The board supported raising pay for employees at its investment office because it lags peers and morale has been low, according to committee members at the meeting Tuesday. The committee, which voted whether to increase salaries for as many as 14 employees or just 4, based its decision in part on a biennial salary survey by consulting firm McLagan that was completed in September 2015.

“Our chief investment officer talked about the wrath that the investment staff takes, whether it is from the media or from individuals,” committee member Henry Jones said during the meeting. He added that CalPERS CIO Ted Eliopoulos recognizes “the demoralization of our staff.”

Still, executive salary will remain on the low end of the industry averages provided by McLagan, a unit of professional services firm Aon, according to the pension’s executive compensation consultant firm Grant Thornton.

“Assuming the salary increases are implemented, total compensation will still lag industry peers significantly, particularly due to common long-term incentive plan practices and increases in variable compensation payouts over the last two years,” Eric Gonzaga of Grant Thornton wrote this month in an opinion letter to Michael Bilbrey, the Chair of the Performance, Compensation and Talent Management Committee.

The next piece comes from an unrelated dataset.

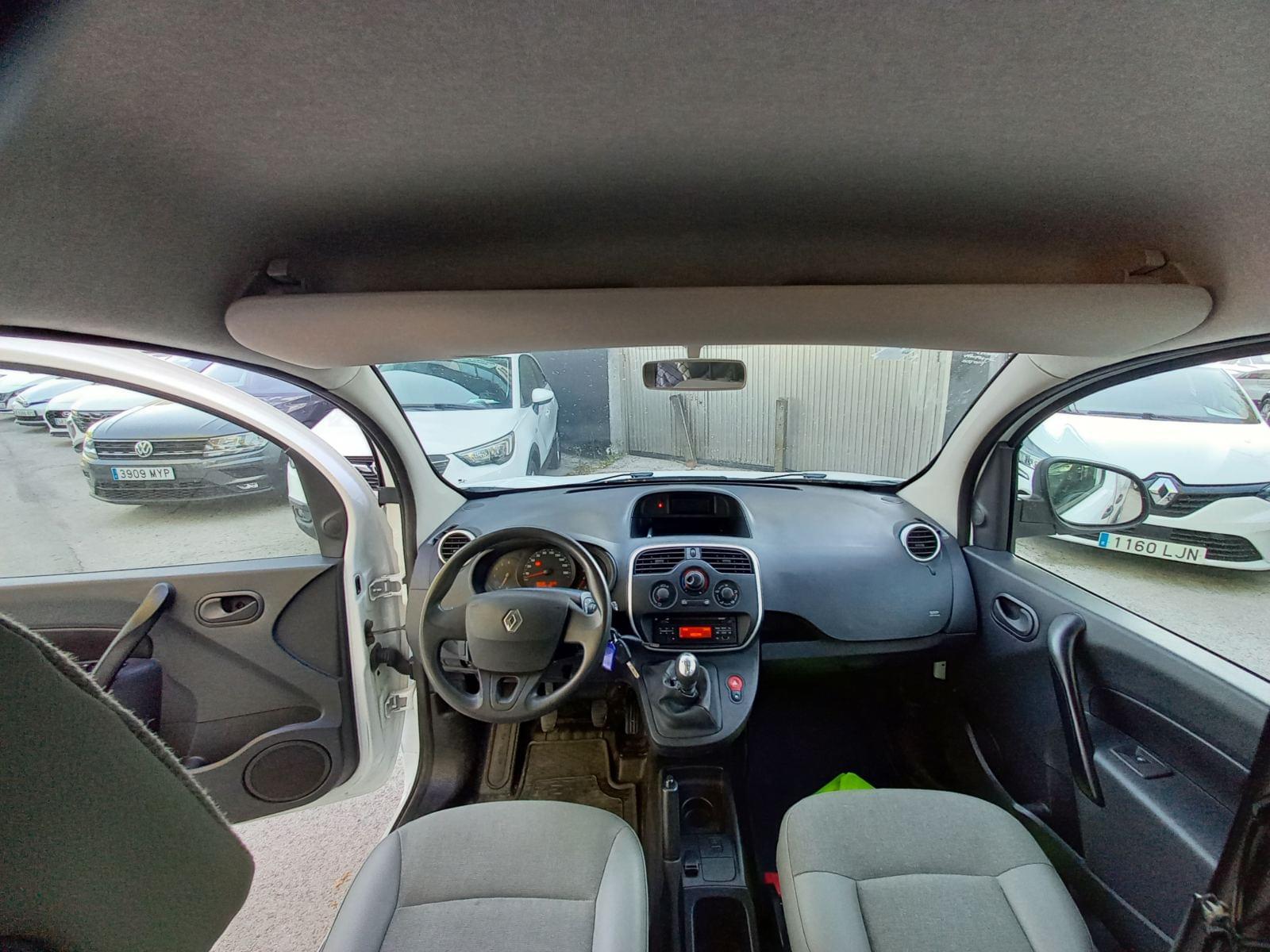 RENAULT KANGOO FURGON EXPRESS MAXI 1.5 Blue 95CV Grand Confo 21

“It’s disheartening to see us in the lowest quartile,” said Richard Costigan, vice chair of the committee, during the meeting.

Costigan noted that the investment office saved CalPERS $199 million last year, which is why he pushed for these raises.

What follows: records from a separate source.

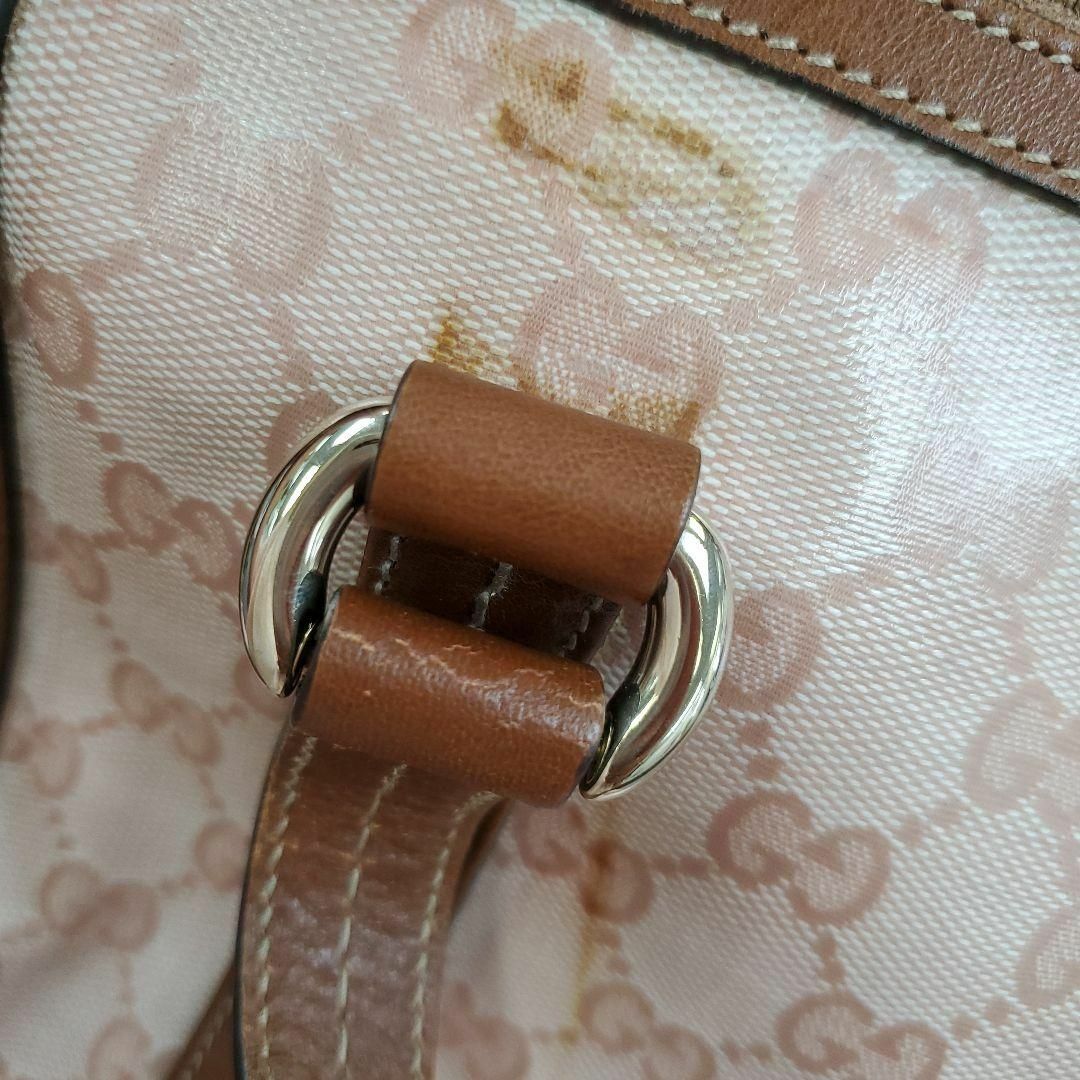GUCCI グッチ ハンドバッグ MM411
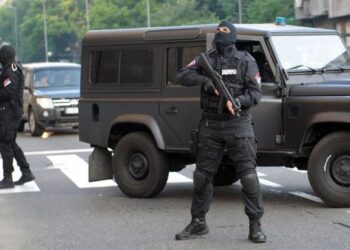 Dyshohet se xhandarmeria serbe plagosi dhe rrëmbeu një qytetar të Kosovës, brenda territorit kosovar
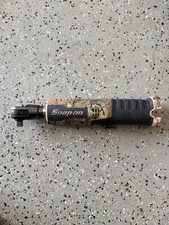 Snap-on Tools Ctr861acm 38 14.4v Cordless Ratchet Camo Tool Only Brusless Snap-on Tools Ctr861acm 38 14.4v Cordless Ratchet Camo Tool Only Brusless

“Unfortunately, what the report shows is we don’t pay enough,” he said. “We aren’t setting aside the resources.”

At the meeting, the CalPERS board also voted to approve pay structures for its chief executive officer and chief investment officer for fiscal year 2017-2018.

The largest single portion of CEO Marcie Frost’s incentive plan, or 25 percent, will be based on organizational leadership, followed by 20 percent for enterprise operation effectiveness, according to documents created for the meeting. Fund performance, stakeholder engagement, and customer service will each represent 15 percent of her plan, with 10 percent based on an investment office benchmark.

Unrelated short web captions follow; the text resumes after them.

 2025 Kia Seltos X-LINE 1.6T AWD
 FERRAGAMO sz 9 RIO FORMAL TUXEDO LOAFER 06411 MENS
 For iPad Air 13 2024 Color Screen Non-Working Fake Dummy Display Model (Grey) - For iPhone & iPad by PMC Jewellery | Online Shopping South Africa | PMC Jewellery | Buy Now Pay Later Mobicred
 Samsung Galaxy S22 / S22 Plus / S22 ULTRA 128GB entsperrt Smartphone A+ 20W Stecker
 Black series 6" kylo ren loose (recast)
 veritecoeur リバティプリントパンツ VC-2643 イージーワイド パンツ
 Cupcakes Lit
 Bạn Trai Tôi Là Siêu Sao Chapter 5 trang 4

Frost’s current salary falls in the range of $224,000 to $352,000, a CalPERS document shows. Her pay for the past fiscal year was not specified as she started working for the pension plan in June 2016.

The incentive plan for CIO Ted Eliopoulos is 40 percent tied to fund performance. Fifteen percent will be based on an investment office benchmark, with another 15 percent tied to stakeholder engagement. Enterprise operational effectiveness, deliverables and leadership each represent 10 percent of his incentive plan.

Eliopoulos was paid a base salary of $543,780 for fiscal year 2015-2016 and awarded a $248,026 bonus. CalPERS has a base range salary for its CIOs of $408,000 and $612,000 annually.

The previous incentive plan for Eliopoulos’s salary was 70 percent tied to investment performance, 20 percent linked to enterprise business plan, and 10 percent based on leadership.